Shaun Munro reviews the fourth episode of Fargo season 3…
Fargo returns to business-as-usual after last week’s entertaining sojourn to Los Angeles, and things finally start coming together as Gloria is drawn towards the Stussys, while Emmit begins to feel the pinch from Varga and his lofty ambitions.
“The Narrow Escape Problem” opens with a cameo-of-sorts from Fargo alum Billy Bob Thornton, who narrates a reading of Sergei Prokofiev’s beguiling fairy tale Peter and the Wolf, which serves to cement the pecking order of the show’s focal characters. A flowery device, perhaps, but it further concedes this season’s more experimental storytelling tenor, and that’s no bad thing.
Meanwhile, it was great fun seeing Ray assert himself at the bank while pretending to be Emmit, and this gave Ewan McGregor the hefty task of playing Ray-as-Emmit, which he pulled off spectacularly, especially with his delivery of the immortal one liner, “If I wanted an opinion from an asshole I’d ask my own.”
Episode four was full of great dialogues, in fact; Chief Dammick trying in vain to give Gloria a dressing-down for her defiant behaviour; Ray getting reprimanded and eventually fired for mingling with Nikki; new St. Cloud cop Winnie Lopez (Olivia Sandoval) investigating Sy’s road rage incident; and Varga interrupting Emmit’s dinner and subsequently charming the pants off his wife.
And what about the array of gross-out moments this week? Varga puked his guts up twice, revealing him to be bulimic, there was the horrifying sight of Maurice LeFay’s caved-in head in the morgue, and Winnie was forced to shove a giant wad up toilet paper down her pants to stem the unexpected flow of Mother Nature. Fargo has never been above some grotesquery, but the abundance of viscerally unpleasant moments here absolutely stood out.

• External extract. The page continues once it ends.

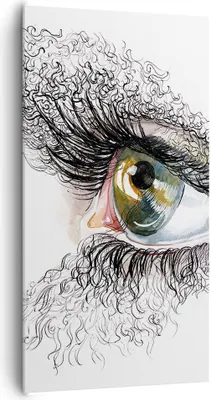 Produktbild von Bild auf Leinwand - Leinwandbild - Auge Menschliches Illustration Erwachsenen- - 65x120cm - Wand Bild - Wanddeko - Leinwanddruck - Bilder - Kunstdruck - Leinwand bilder - Wandkunst - PA65x120-3002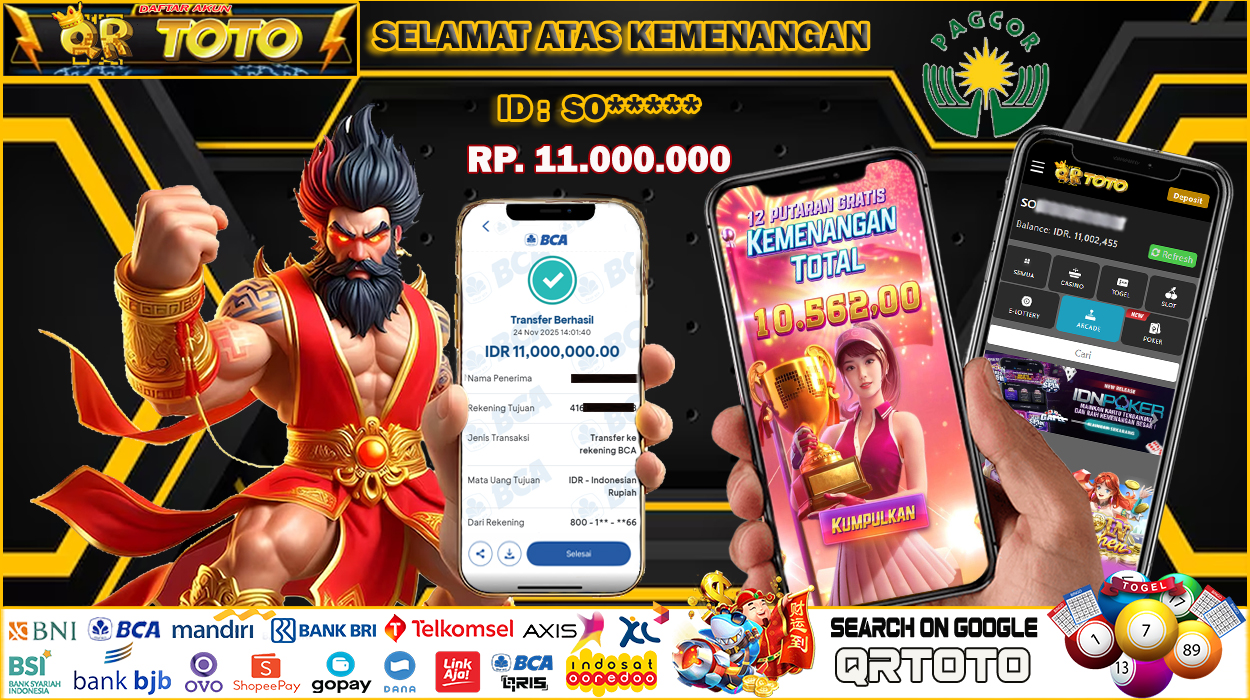 QRTOTO Jackpot Slot Rp 11.000.000 ~ LUNAS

All things considered, the latest episode may have felt more familiar and bogged down in a story that’s struggling to sustain the intrigue of the two prior seasons, but the characters, performances and direction nevertheless allowed it to retain an overall entrancing quality.
Moreover, even if this episode wasn’t the breath of fresh air that last week’s was, it at least got the narrative wheels turning and brought a number of tantalising questions, both old and new, to the forefront. With Varga revealing himself to be a mastermind snoop, it’s seeming less likely that he’s the sneering envoy for someone “bigger” as most surely expected. Is he actually in business for himself?
As much as everyone wants to believe a loser like Ray could bag someone as attractive as Nikki, is she really playing both sides for her own gain?
With Winnie helping Gloria connect the dots between the living Stussys and the dead one, will she become a regular fixture from this point? Is a Winnie-Gloria double act on the horizon? With Luddite Gloria being ignored by the bathroom’s hand washer and dryer, is this leading to some sort of surreal payoff, much like the UFO interlude from last season?
And finally, aren’t we getting overdue an excessive explosion of violence at this point?